Kondisi kesehatan di dalam lembaga pemasyarakatan (lapas) dan rumah tahanan negara (rutan) Indonesia sejak tahun 2000-an telah terbawa ke suatu titik yang memprihatinkan. Ledakan epidemi HIV di kalangan pengguna napza suntik di Indonesia dan kebanyakan negara Asia lainnya turut pula masuk ke dalam rutan dan lapas-lapas karena intensifikasi penegakan hukum kasus-kasus narkoba sejak direvisinya kebijakan napza di tanah air pada tahun 1997. Keprihatinan ini mengundang perhatian berbagai pihak termasuk pemerintah untuk merespon situasi yang telah menyebabkan meningkatnya angka kematian dan kesakitan di dalamnya.

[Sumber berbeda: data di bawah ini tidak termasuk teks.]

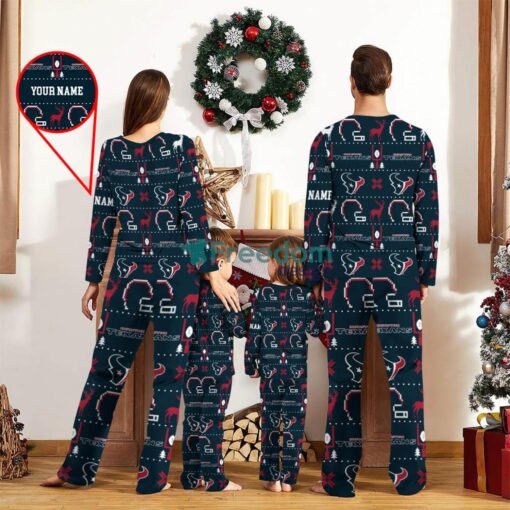 Houston Texans Sport Team Logo Pajamas Set Family Christmas Gift Custom Name Special Gift Product Photo 2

Departemen Hukum dan HAM RI sendiri sebagai sektor yang langsung mengelola sistem pemasyarakatan melalui Ditjen Pemasyarakatan telah merumuskan Strategi Penanggulangan HIV-AIDS dan Penyalahgunaan Narkoba pada Lembaga Pemasyarakatan dan Rumah Tahanan Negara di Indonesia 2005-2009. Dokumen tersebut kemudian menjadi refleksi akan perlindungan seluruh warga negara, termasuk penghuni lapas dan rutan, akan layanan kesehatan yang dijamin dalam konstitusi negara Republik Indonesia.
Pemerintah sebagai aparatur negara memiliki unit-unit kerja berdasarkan sektor baik di tingkat pusat maupun daerah. Koordinasi lintas sektor dibutuhkan untuk memfungsikan secara efektif seluruh unit kerja pemerintah melalui tugas-tugas pokok dan fungsinya, termasuk produk-produk kebijakannya. Perkembangan situasi di Indonesia, khususnya dalam merespon berbagai permasalahan, turut pula menimbulkan perkembangan sistem pemerintahan termasuk bertambahnya lembaga atau institusi negara yang memiliki tugas khusus terhadap permasalahan spesifik.
Walaupun demikian, layanan publik sebagai wujud dari perlindungan HAM harus tetap menjadi perhatian utama untuk dapat meningkatkan kualitas hidup warga negara Indonesia termasuk penghuni lapas dan rutannya. Ketersediaan dan peningkatan mutu layanan tersebut, selain harus berpihak pada kesejahteraan masyarakat (publik), juga hanya akan terjadi ketika unit-unit kerja pemerintah sebagai yang berkewajiban menyediakan layanan dapat berkoordinasi untuk mencapai cita-cita tersebut.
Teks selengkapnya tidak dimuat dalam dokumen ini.